Last week Bank of Ireland pulled the same stunt, they now have one set of prices for those that come in via brokers and another for people who come in directly, this is on top of a 50% reduction in commissions! The tough thing for brokers is that to get back to the old position we will need to see a 100% increase because if you bring 100% to 50% its a 50% reduction, but a 50% increase will only bring you back up to 75%.
The main point here though, is they cut brokers commissions in half and on top of that they want to drive brokers further out into the cold by giving people better rates if they don’t use a broker? That is just a punishment for choosing independence! It’s about the worst consumer decision going and one the will earn them a list in any rogues gallery under the moniker ‘we hurt people who opt for independence’. The loser on this particular point will be the Bank of Ireland PR machine, sadly I don’t believe this was even thought out….. I’m sure that shareholders will question the thinking on this one.
So you cut a person in half, and while they are rolling around on the ground trying to hold their guts in you start to kick them in the face, that’s the equivalent of what’s going on in the intermediary market, and I will verify this with any CEO of any bank live on the air. This is opportunism at its worst.

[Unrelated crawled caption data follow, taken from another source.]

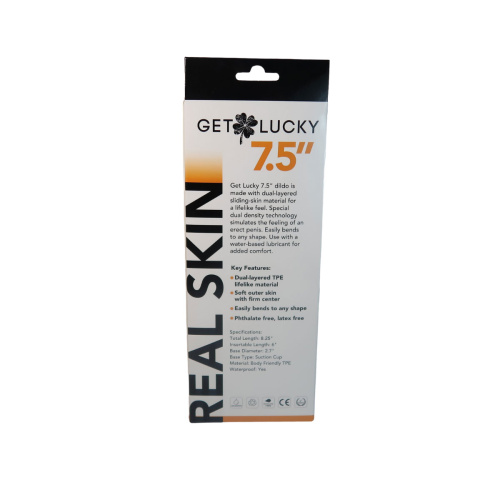 Get Lucky 7.5 Inch Real Skin Dong - Light Brown  3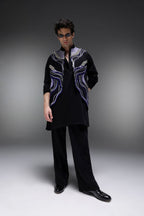 Azure(Ghungru) - Hand Embroidered Designer Bundi With Lachka Kurta - Black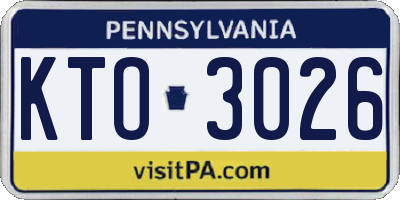 PA license plate KTO3026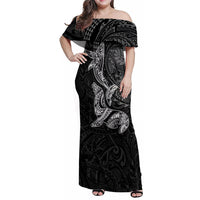 Hawaiian Monk Seal and Whale Family Matching Off Shoulder Maxi Dress and Hawaiian Shirt Kakau Tribal Pattern Grayscale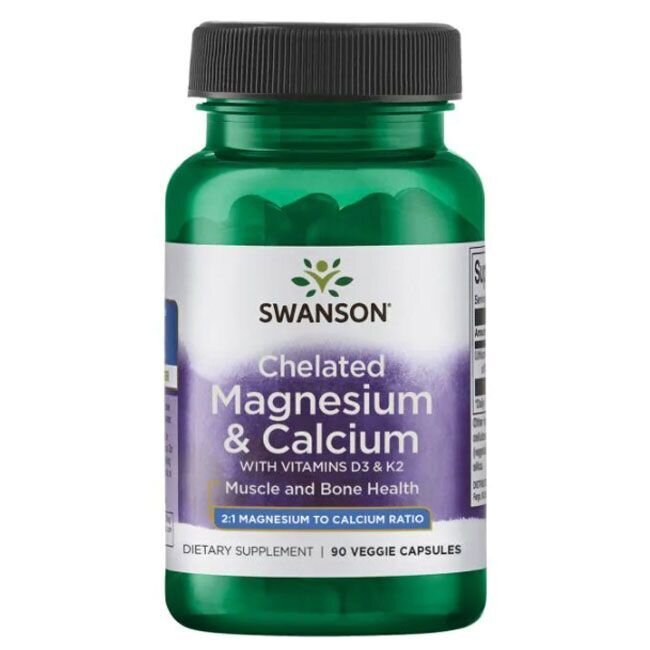 Albion Magnesium & Calcium/mit Vitamin D3 & K2 – 90 Kapseln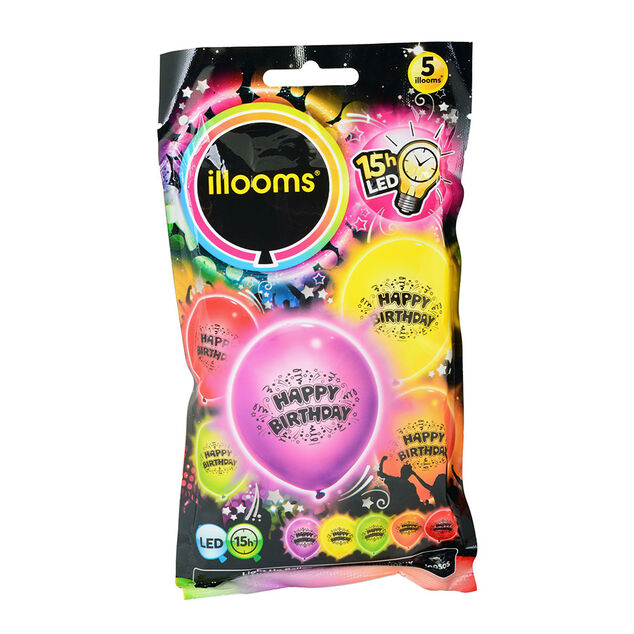 Ballon led color&eacute; Happy Birthday x 5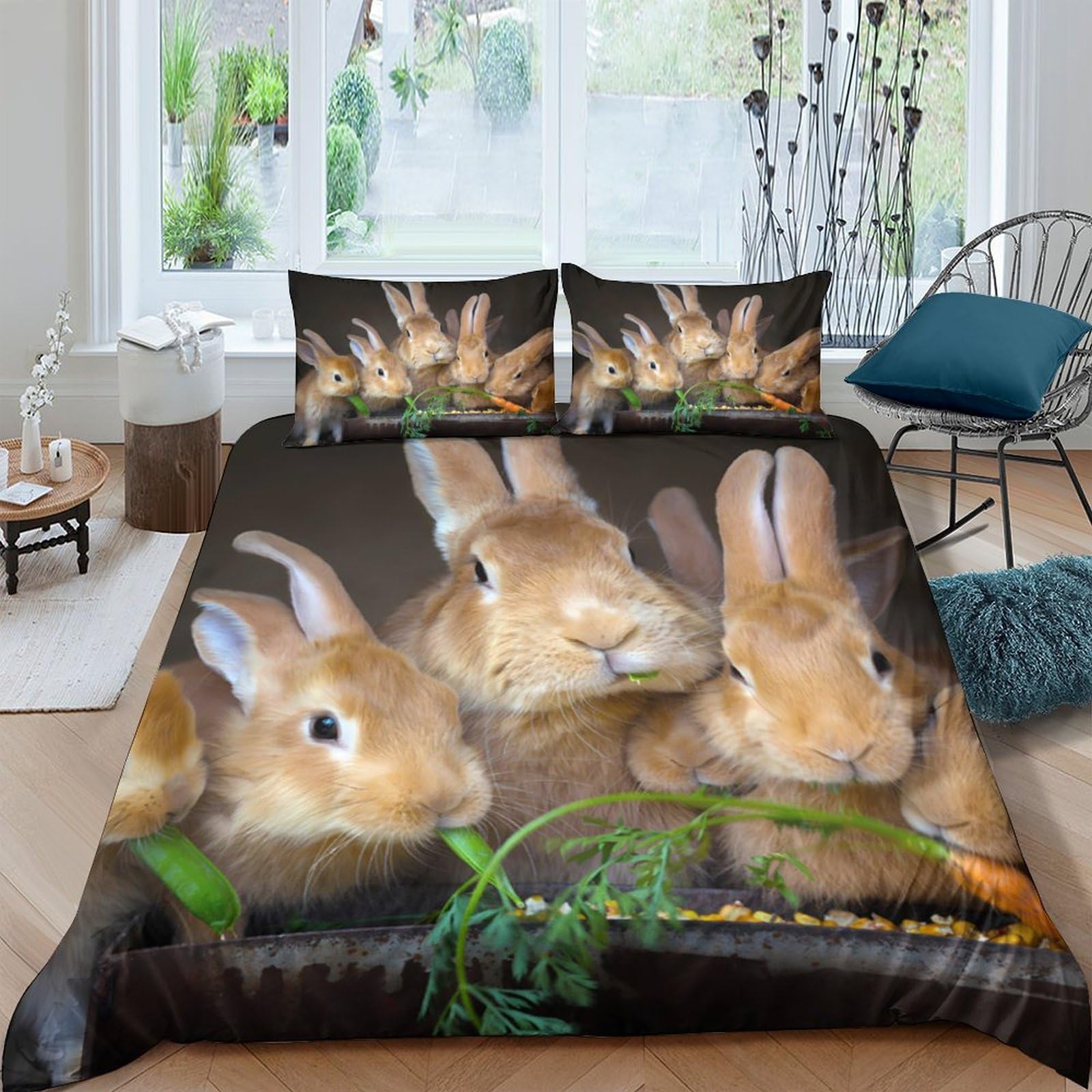 Ctjqhvkz Style-10 3D Printed Rabbit Meadow Fitted Sheet Microfiber Soft Brown Bunny Garden Bed Cover For Bedroom Dorm Mattress Decor Protection Single（135X200cm）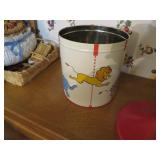 Decorative Tin Containers with Animal and Windmill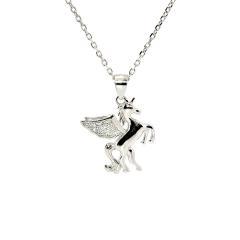 Pandantiv de argint unicorn cu zirconii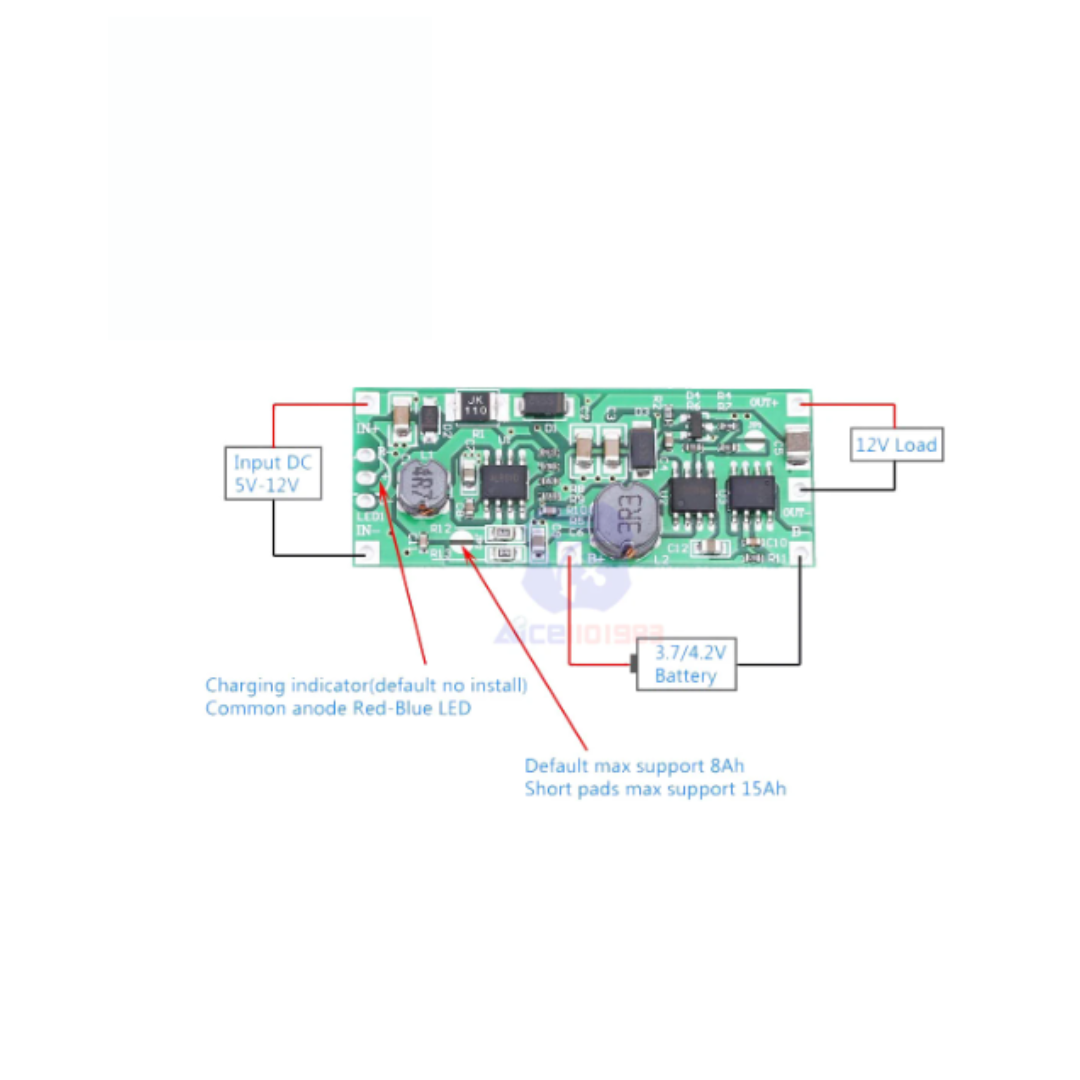 Miniups Dc 5V 1A a 12V para Baterías 18650 Cargador y Fuente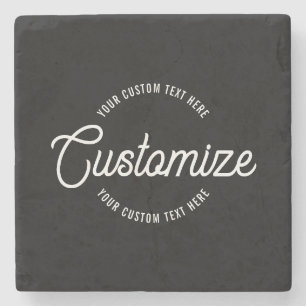 Posavasos De Piedra Texto circular moderno y elegante con estilo cursi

Banks in the U.K. are arguing that ‘market conditions’ are forcing them to put higher interest rates on broker loans, but do they have to pay for a brokers office space, distribution, pension, employees etc? No, because in truth brokerage is a low cost distribution model, in fact Bank of Scotland got 15% market share by dealing solely through brokers.
A Halifax spokesman says: “Halifax remains committed to the broker channel and believes that the vast majority of consumers prefer the choice, advice and service of a broker.” Exactly the reason why they should offer competitive deals through brokers one would think?
Many people don’t know that if a loan is changed in a certain amount of time (up to 5 years!) then the broker is ‘clawed back’ this means that the bank takes back the money they gave the broker in the first place! They can’t take back wages from direct staff though. So if we look truly at the market it will tell you that broker loans don’t have built in costs the way that direct loans do because you only pay out for a loan that is issued. However now that its hammer-time banks are not content with only a mortgage, they want that Cherry, they are purely focused on getting a client for all they can and retaining them.
Direct clients tend to do all of their business through one bank, and the banks love that, why wouldn’t they! Broker clients often have a mortgage with one provider, their insurance with another, and other bits of business spread about based on prices and service.
Here’s a few things to ponder, firstly, why is the brokerage channel always growing? Is it because we offer choice, independence, and flexibility?
Why is the Bankers ‘Direct’ model failing? Are they not meeting their clients needs? Do people think a Bank doesn’t have their interest at heart?
We don’t know for sure, but what we do know is that banks are making a concerted effort to ensure that brokers are a dying breed, the sad thing is that if they manage to successfully rid the market of brokers then there will likely be a ‘miraculous dissapearance’ of competition as we have seen in so many other markets where competition is non-existent.